Problem description: Without changing a single character, copy every record below.

Recorded data:
○ ○ ○ ○ ○

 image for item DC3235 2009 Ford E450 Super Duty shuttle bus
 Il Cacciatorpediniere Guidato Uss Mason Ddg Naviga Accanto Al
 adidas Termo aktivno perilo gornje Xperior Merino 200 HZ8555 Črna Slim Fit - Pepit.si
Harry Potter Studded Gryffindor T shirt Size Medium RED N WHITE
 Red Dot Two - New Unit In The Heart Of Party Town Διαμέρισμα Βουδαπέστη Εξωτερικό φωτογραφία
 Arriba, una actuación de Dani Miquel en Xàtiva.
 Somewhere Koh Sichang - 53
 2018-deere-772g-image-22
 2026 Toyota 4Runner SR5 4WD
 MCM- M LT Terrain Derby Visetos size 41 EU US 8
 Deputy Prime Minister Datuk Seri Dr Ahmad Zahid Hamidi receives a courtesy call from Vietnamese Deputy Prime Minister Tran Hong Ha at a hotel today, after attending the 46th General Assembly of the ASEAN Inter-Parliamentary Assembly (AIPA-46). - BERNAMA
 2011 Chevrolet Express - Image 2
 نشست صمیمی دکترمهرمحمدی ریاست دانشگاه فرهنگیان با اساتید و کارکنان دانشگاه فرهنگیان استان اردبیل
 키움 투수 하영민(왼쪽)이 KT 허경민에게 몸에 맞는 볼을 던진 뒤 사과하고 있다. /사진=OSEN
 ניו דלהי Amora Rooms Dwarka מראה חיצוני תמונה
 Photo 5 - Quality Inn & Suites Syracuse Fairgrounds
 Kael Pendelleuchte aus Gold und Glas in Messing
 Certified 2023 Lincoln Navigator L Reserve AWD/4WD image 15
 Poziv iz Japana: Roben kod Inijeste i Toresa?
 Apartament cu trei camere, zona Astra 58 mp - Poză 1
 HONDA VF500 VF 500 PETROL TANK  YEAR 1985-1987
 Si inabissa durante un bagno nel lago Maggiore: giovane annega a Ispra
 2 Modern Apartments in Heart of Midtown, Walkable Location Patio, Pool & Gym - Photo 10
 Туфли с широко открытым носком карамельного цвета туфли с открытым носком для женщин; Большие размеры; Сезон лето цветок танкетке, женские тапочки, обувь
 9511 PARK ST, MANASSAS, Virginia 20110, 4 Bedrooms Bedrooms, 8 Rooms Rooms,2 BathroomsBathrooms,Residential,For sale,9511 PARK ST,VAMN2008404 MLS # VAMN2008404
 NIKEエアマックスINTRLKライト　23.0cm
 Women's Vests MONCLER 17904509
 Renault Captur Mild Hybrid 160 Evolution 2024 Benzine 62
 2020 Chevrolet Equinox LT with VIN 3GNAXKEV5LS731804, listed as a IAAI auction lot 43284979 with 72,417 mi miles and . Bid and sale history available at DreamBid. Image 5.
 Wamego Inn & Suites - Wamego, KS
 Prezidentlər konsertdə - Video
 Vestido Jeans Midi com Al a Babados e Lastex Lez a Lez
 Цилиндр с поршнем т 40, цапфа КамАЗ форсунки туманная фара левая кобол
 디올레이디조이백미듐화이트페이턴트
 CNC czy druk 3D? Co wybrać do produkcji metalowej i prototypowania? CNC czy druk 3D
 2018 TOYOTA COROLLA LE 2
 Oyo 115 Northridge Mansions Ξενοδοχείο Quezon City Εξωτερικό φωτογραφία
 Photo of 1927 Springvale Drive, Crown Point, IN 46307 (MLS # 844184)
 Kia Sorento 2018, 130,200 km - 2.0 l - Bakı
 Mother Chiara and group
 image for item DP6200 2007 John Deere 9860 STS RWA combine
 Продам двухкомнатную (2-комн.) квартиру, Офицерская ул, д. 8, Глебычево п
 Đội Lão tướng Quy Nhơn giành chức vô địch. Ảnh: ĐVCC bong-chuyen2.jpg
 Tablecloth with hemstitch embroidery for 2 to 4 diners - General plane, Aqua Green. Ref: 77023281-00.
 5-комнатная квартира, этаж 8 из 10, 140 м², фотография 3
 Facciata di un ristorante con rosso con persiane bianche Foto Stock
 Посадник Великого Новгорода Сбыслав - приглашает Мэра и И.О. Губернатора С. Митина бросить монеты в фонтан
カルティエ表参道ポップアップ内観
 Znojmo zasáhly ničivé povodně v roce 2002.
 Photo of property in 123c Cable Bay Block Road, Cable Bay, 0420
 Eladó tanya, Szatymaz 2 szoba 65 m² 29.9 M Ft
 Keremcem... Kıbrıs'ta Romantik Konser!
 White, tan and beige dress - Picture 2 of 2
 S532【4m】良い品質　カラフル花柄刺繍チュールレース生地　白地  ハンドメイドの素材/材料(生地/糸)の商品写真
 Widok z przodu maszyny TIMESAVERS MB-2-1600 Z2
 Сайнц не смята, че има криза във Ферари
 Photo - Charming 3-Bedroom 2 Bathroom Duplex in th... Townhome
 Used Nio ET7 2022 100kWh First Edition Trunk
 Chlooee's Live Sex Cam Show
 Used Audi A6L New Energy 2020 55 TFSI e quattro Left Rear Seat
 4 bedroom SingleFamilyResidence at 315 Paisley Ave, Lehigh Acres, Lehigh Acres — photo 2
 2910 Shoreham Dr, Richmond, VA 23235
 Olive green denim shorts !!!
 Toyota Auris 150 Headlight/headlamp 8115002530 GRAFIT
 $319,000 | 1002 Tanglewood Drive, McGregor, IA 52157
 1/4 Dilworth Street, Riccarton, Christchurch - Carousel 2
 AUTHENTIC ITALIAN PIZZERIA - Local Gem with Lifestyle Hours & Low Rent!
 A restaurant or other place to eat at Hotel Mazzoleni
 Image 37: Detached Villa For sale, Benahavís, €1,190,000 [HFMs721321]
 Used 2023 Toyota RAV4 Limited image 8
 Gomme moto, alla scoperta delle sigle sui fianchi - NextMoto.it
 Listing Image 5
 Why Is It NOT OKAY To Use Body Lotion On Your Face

○ ○ ○ ○ ○

Task result:
 image for item DC3235 2009 Ford E450 Super Duty shuttle bus
 Il Cacciatorpediniere Guidato Uss Mason Ddg Naviga Accanto Al
 adidas Termo aktivno perilo gornje Xperior Merino 200 HZ8555 Črna Slim Fit - Pepit.si
Harry Potter Studded Gryffindor T shirt Size Medium RED N WHITE
 Red Dot Two - New Unit In The Heart Of Party Town Διαμέρισμα Βουδαπέστη Εξωτερικό φωτογραφία
 Arriba, una actuación de Dani Miquel en Xàtiva.
 Somewhere Koh Sichang - 53
 2018-deere-772g-image-22
 2026 Toyota 4Runner SR5 4WD
 MCM- M LT Terrain Derby Visetos size 41 EU US 8
 Deputy Prime Minister Datuk Seri Dr Ahmad Zahid Hamidi receives a courtesy call from Vietnamese Deputy Prime Minister Tran Hong Ha at a hotel today, after attending the 46th General Assembly of the ASEAN Inter-Parliamentary Assembly (AIPA-46). - BERNAMA
 2011 Chevrolet Express - Image 2
 نشست صمیمی دکترمهرمحمدی ریاست دانشگاه فرهنگیان با اساتید و کارکنان دانشگاه فرهنگیان استان اردبیل
 키움 투수 하영민(왼쪽)이 KT 허경민에게 몸에 맞는 볼을 던진 뒤 사과하고 있다. /사진=OSEN
 ניו דלהי Amora Rooms Dwarka מראה חיצוני תמונה
 Photo 5 - Quality Inn & Suites Syracuse Fairgrounds
 Kael Pendelleuchte aus Gold und Glas in Messing
 Certified 2023 Lincoln Navigator L Reserve AWD/4WD image 15
 Poziv iz Japana: Roben kod Inijeste i Toresa?
 Apartament cu trei camere, zona Astra 58 mp - Poză 1
 HONDA VF500 VF 500 PETROL TANK  YEAR 1985-1987
 Si inabissa durante un bagno nel lago Maggiore: giovane annega a Ispra
 2 Modern Apartments in Heart of Midtown, Walkable Location Patio, Pool & Gym - Photo 10
 Туфли с широко открытым носком карамельного цвета туфли с открытым носком для женщин; Большие размеры; Сезон лето цветок танкетке, женские тапочки, обувь
 9511 PARK ST, MANASSAS, Virginia 20110, 4 Bedrooms Bedrooms, 8 Rooms Rooms,2 BathroomsBathrooms,Residential,For sale,9511 PARK ST,VAMN2008404 MLS # VAMN2008404
 NIKEエアマックスINTRLKライト　23.0cm
 Women's Vests MONCLER 17904509
 Renault Captur Mild Hybrid 160 Evolution 2024 Benzine 62
 2020 Chevrolet Equinox LT with VIN 3GNAXKEV5LS731804, listed as a IAAI auction lot 43284979 with 72,417 mi miles and . Bid and sale history available at DreamBid. Image 5.
 Wamego Inn & Suites - Wamego, KS
 Prezidentlər konsertdə - Video
 Vestido Jeans Midi com Al a Babados e Lastex Lez a Lez
 Цилиндр с поршнем т 40, цапфа КамАЗ форсунки туманная фара левая кобол
 디올레이디조이백미듐화이트페이턴트
 CNC czy druk 3D? Co wybrać do produkcji metalowej i prototypowania? CNC czy druk 3D
 2018 TOYOTA COROLLA LE 2
 Oyo 115 Northridge Mansions Ξενοδοχείο Quezon City Εξωτερικό φωτογραφία
 Photo of 1927 Springvale Drive, Crown Point, IN 46307 (MLS # 844184)
 Kia Sorento 2018, 130,200 km - 2.0 l - Bakı
 Mother Chiara and group
 image for item DP6200 2007 John Deere 9860 STS RWA combine
 Продам двухкомнатную (2-комн.) квартиру, Офицерская ул, д. 8, Глебычево п
 Đội Lão tướng Quy Nhơn giành chức vô địch. Ảnh: ĐVCC bong-chuyen2.jpg
 Tablecloth with hemstitch embroidery for 2 to 4 diners - General plane, Aqua Green. Ref: 77023281-00.
 5-комнатная квартира, этаж 8 из 10, 140 м², фотография 3
 Facciata di un ristorante con rosso con persiane bianche Foto Stock
 Посадник Великого Новгорода Сбыслав - приглашает Мэра и И.О. Губернатора С. Митина бросить монеты в фонтан
カルティエ表参道ポップアップ内観
 Znojmo zasáhly ničivé povodně v roce 2002.
 Photo of property in 123c Cable Bay Block Road, Cable Bay, 0420
 Eladó tanya, Szatymaz 2 szoba 65 m² 29.9 M Ft
 Keremcem... Kıbrıs'ta Romantik Konser!
 White, tan and beige dress - Picture 2 of 2
 S532【4m】良い品質　カラフル花柄刺繍チュールレース生地　白地  ハンドメイドの素材/材料(生地/糸)の商品写真
 Widok z przodu maszyny TIMESAVERS MB-2-1600 Z2
 Сайнц не смята, че има криза във Ферари
 Photo - Charming 3-Bedroom 2 Bathroom Duplex in th... Townhome
 Used Nio ET7 2022 100kWh First Edition Trunk
 Chlooee's Live Sex Cam Show
 Used Audi A6L New Energy 2020 55 TFSI e quattro Left Rear Seat
 4 bedroom SingleFamilyResidence at 315 Paisley Ave, Lehigh Acres, Lehigh Acres — photo 2
 2910 Shoreham Dr, Richmond, VA 23235
 Olive green denim shorts !!!
 Toyota Auris 150 Headlight/headlamp 8115002530 GRAFIT
 $319,000 | 1002 Tanglewood Drive, McGregor, IA 52157
 1/4 Dilworth Street, Riccarton, Christchurch - Carousel 2
 AUTHENTIC ITALIAN PIZZERIA - Local Gem with Lifestyle Hours & Low Rent!
 A restaurant or other place to eat at Hotel Mazzoleni
 Image 37: Detached Villa For sale, Benahavís, €1,190,000 [HFMs721321]
 Used 2023 Toyota RAV4 Limited image 8
 Gomme moto, alla scoperta delle sigle sui fianchi - NextMoto.it
 Listing Image 5
 Why Is It NOT OKAY To Use Body Lotion On Your Face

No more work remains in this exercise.